Morris S W, Naeve C, Mathew P, James P L, Kirstein M N, Cui X, Witte D P
Department of Experimental Oncology, St Jude Children's Research Hospital, Memphis, Tennessee 38105, USA.
Oncogene. 1997 May 8;14(18):2175-88. doi: 10.1038/sj.onc.1201062.
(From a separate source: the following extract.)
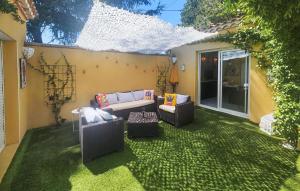 Lovely Home In Usclas-Dhérault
Anaplastic Lymphoma Kinase (ALK) was originally identified as a member of the insulin receptor subfamily of receptor tyrosine kinases that acquires transforming capability when truncated and fused to nucleophosmin (NPM) in the t(2;5) chromosomal rearrangement associated with non-Hodgkin's lymphoma, but further insights into its normal structure and function are lacking. Here, we characterize a full-length normal human ALK cDNA and its product, and determine the pattern of expression of its murine homologue in embryonic and adult tissues as a first step toward the functional assessment of the receptor. Analysis of the 6226 bp ALK cDNA identified an open reading frame encoding a 1620-amino acid (aa) protein of predicted mass approximately 177 kDa that is most closely related to leukocyte tyrosine kinase (LTK), the two exhibiting 57% aa identity and 71% similarity over their region of overlap. Biochemical analysis demonstrated that the approximately 177 kDa ALK polypeptide core undergoes co-translational N-linked glycosylation, emerging in its mature form as a 200 kDa single chain receptor. Surface labeling studies indicated that the 200 kDa glycoprotein is exposed at the cell membrane, consistent with the prediction that ALK serves as the receptor for an unidentified ligand(s). In situ hybridization studies revealed Alk expression beginning on embryonic day 11 and persisting into the neonatal and adult periods of development. Alk transcripts were confined to the nervous system and included several thalamic and hypothalamic nuclei; the trigeminal, facial, and acoustic cranial ganglia; the anterior horns of the spinal cord in the region of the developing motor neurons; the sympathetic chain; and the ganglion cells of the gut. Thus, ALK is a novel orphan receptor tyrosine kinase that appears to play an important role in the normal development and function of the nervous system.
间变性淋巴瘤激酶(ALK)最初被鉴定为受体酪氨酸激酶胰岛素受体亚家族的成员,在与非霍奇金淋巴瘤相关的t(2;5)染色体重排中,当它被截断并与核磷蛋白(NPM)融合时获得转化能力,但对其正常结构和功能的进一步认识尚缺。在此,我们鉴定了全长正常人类ALK cDNA及其产物,并确定其小鼠同源物在胚胎和成年组织中的表达模式,作为对该受体进行功能评估的第一步。对6226 bp的ALK cDNA分析确定了一个开放阅读框,编码一个预测分子量约为177 kDa的1620个氨基酸(aa)的蛋白质,该蛋白质与白细胞酪氨酸激酶(LTK)关系最为密切,二者在重叠区域表现出57%的氨基酸同一性和71%的相似性。生化分析表明,约177 kDa的ALK多肽核心进行共翻译N-连接糖基化,以200 kDa单链受体的成熟形式出现。表面标记研究表明,200 kDa糖蛋白暴露于细胞膜,这与ALK作为未鉴定配体受体的预测一致。原位杂交研究显示,Alk表达从胚胎第11天开始,并持续到新生儿期和成年发育期。Alk转录本局限于神经系统,包括几个丘脑和下丘脑核;三叉神经、面神经和听神经颅神经节;发育中运动神经元区域的脊髓前角;交感神经链;以及肠道神经节细胞。因此,ALK是一种新型孤儿受体酪氨酸激酶,似乎在神经系统的正常发育和功能中发挥重要作用。